## [EXERCISE MATERIAL]
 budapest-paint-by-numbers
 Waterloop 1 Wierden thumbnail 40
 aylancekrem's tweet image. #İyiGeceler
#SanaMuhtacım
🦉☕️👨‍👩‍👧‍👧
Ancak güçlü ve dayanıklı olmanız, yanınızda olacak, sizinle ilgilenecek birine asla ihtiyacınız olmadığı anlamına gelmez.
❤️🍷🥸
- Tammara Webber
...
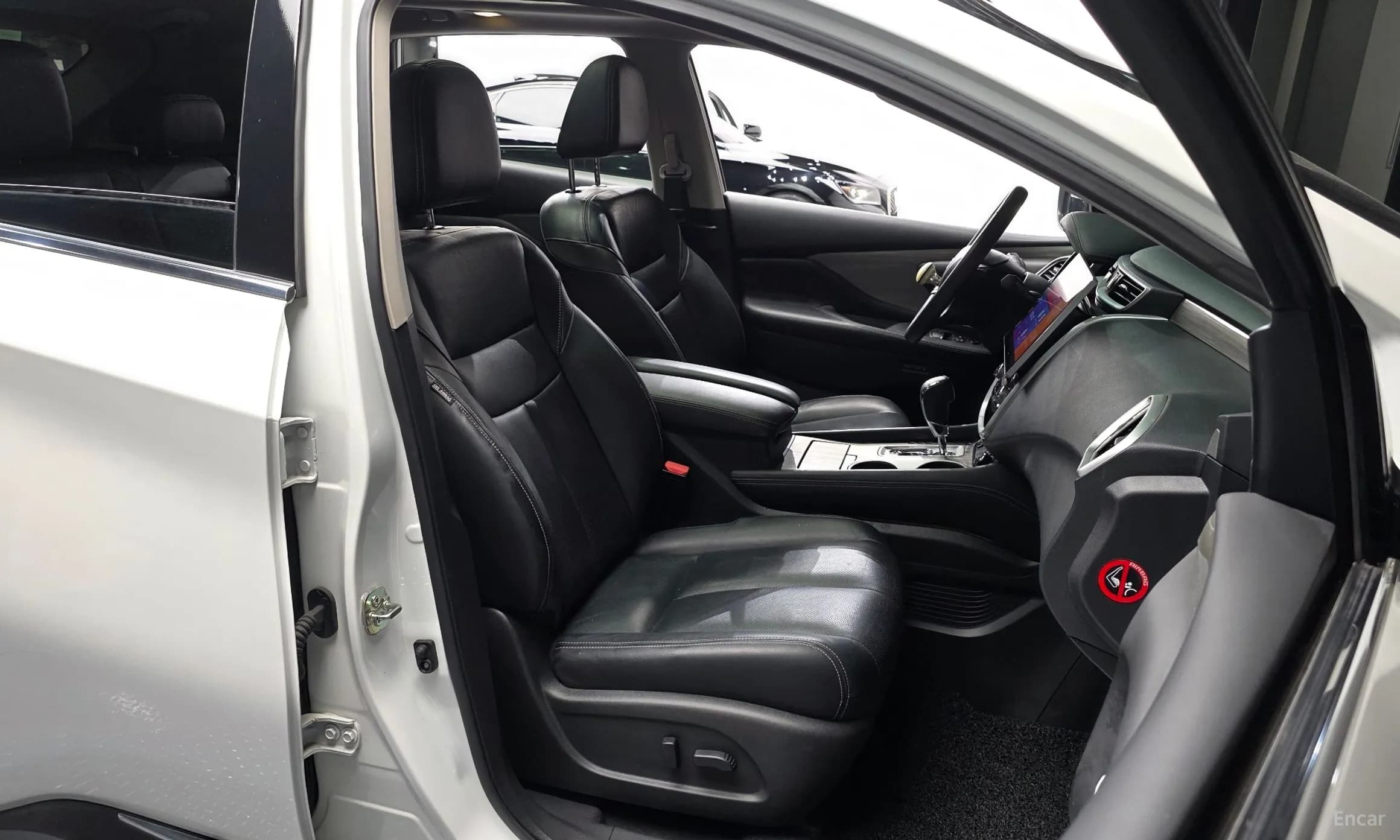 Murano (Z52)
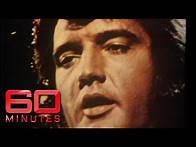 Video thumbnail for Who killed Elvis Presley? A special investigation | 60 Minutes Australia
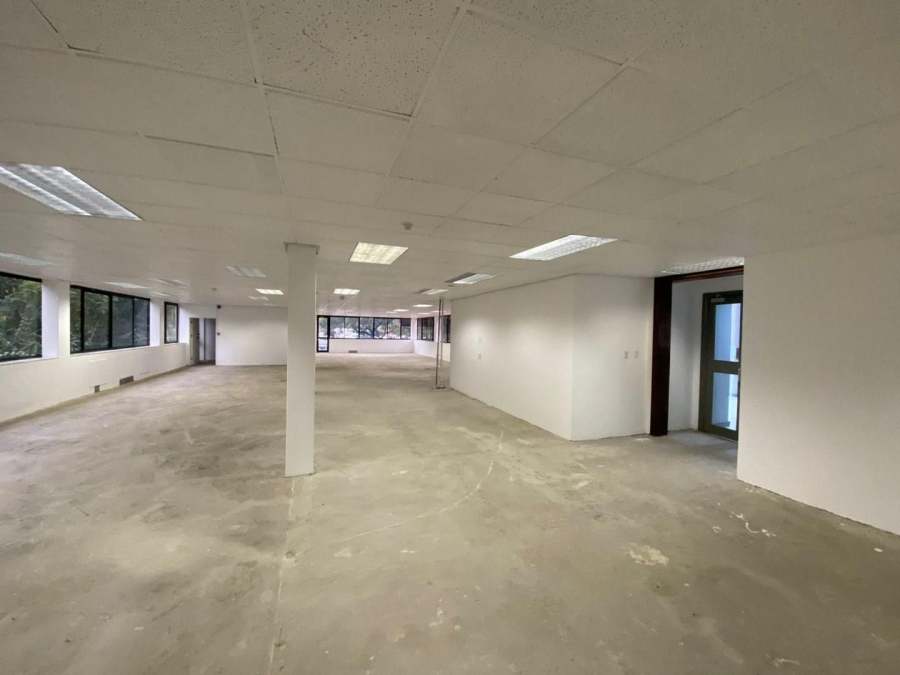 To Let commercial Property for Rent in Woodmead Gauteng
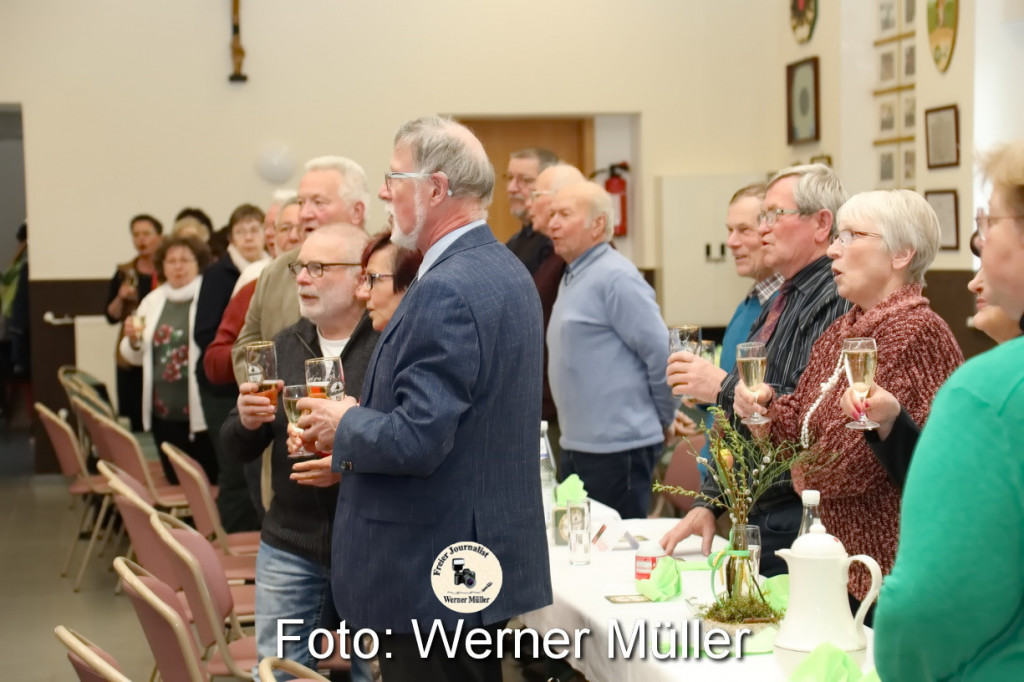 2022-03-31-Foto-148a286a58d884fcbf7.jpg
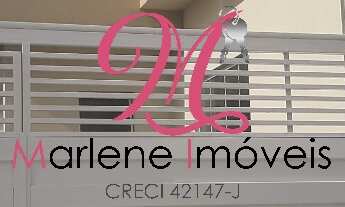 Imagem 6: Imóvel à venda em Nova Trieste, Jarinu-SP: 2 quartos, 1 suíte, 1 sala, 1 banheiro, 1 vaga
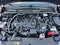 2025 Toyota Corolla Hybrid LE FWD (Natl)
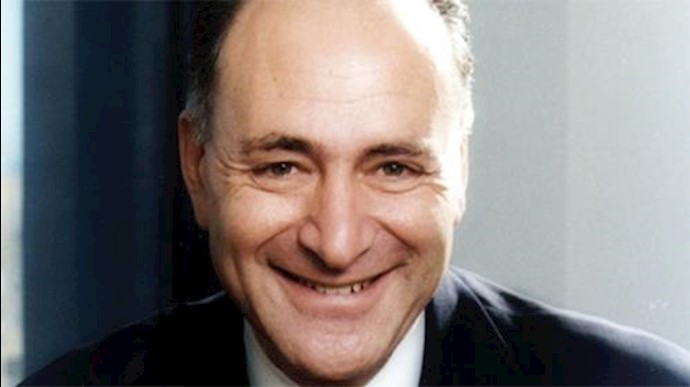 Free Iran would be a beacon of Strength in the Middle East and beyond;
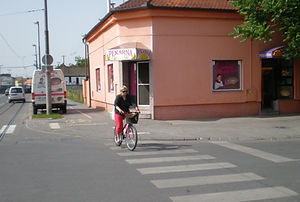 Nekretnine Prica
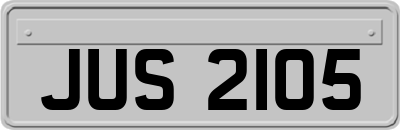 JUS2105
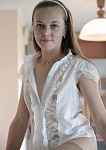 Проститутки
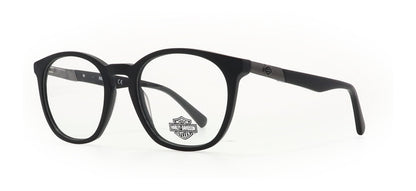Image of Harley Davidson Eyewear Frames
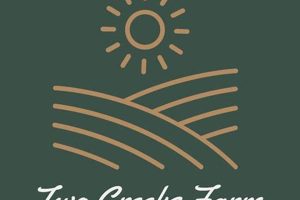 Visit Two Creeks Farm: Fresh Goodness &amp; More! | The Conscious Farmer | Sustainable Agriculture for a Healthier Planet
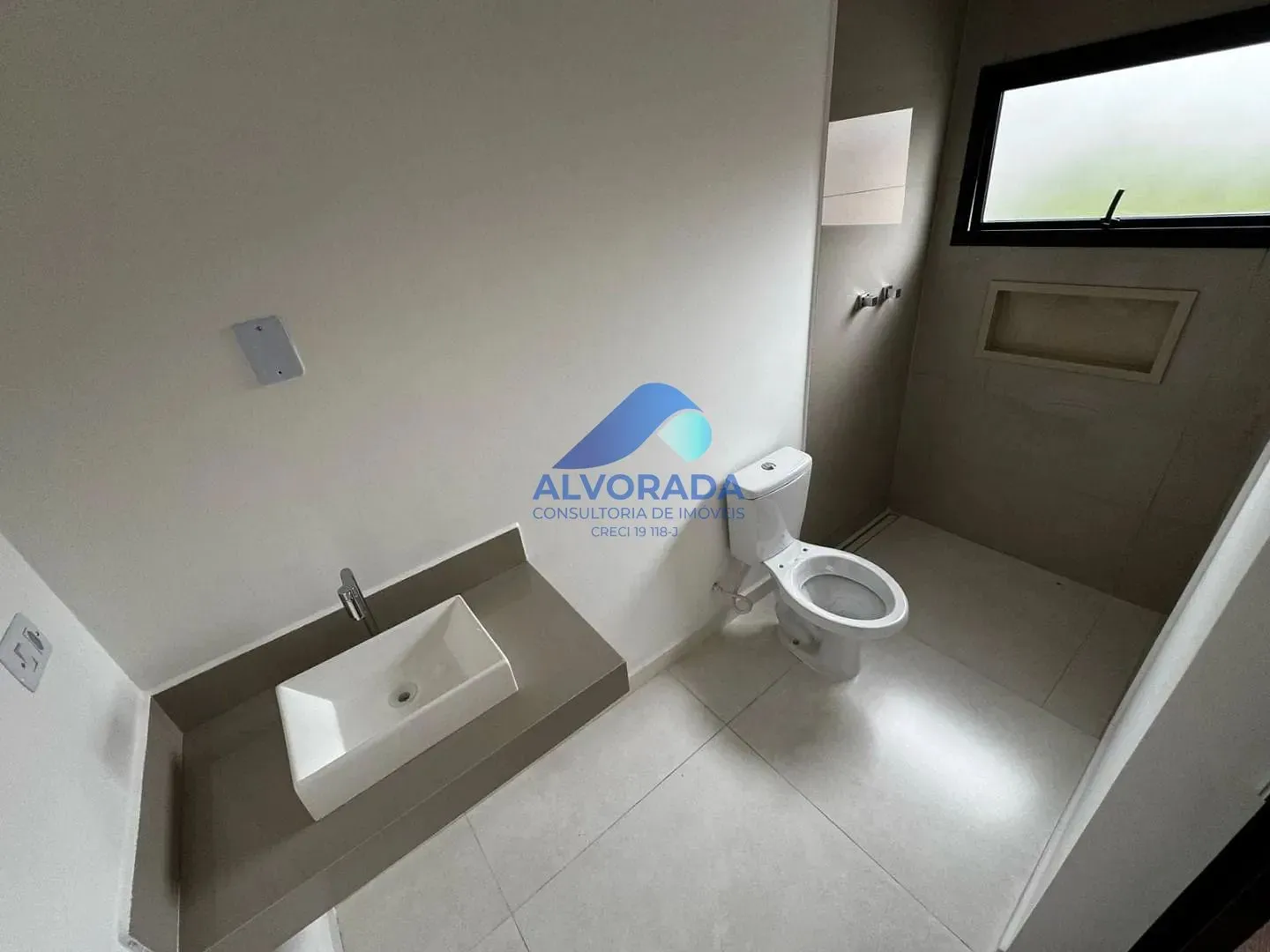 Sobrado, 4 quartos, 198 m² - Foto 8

## [EXERCISE GOAL]
For this exercise, repeat exactly the lines of the data above from the one with "Waterloop 1 Wierden thumbnail 40" down to the one with "- Tammara Webber", both end lines included.

## [SOLUTION FOR THIS TASK]
 Waterloop 1 Wierden thumbnail 40
 aylancekrem's tweet image. #İyiGeceler
#SanaMuhtacım
🦉☕️👨‍👩‍👧‍👧
Ancak güçlü ve dayanıklı olmanız, yanınızda olacak, sizinle ilgilenecek birine asla ihtiyacınız olmadığı anlamına gelmez.
❤️🍷🥸
- Tammara Webber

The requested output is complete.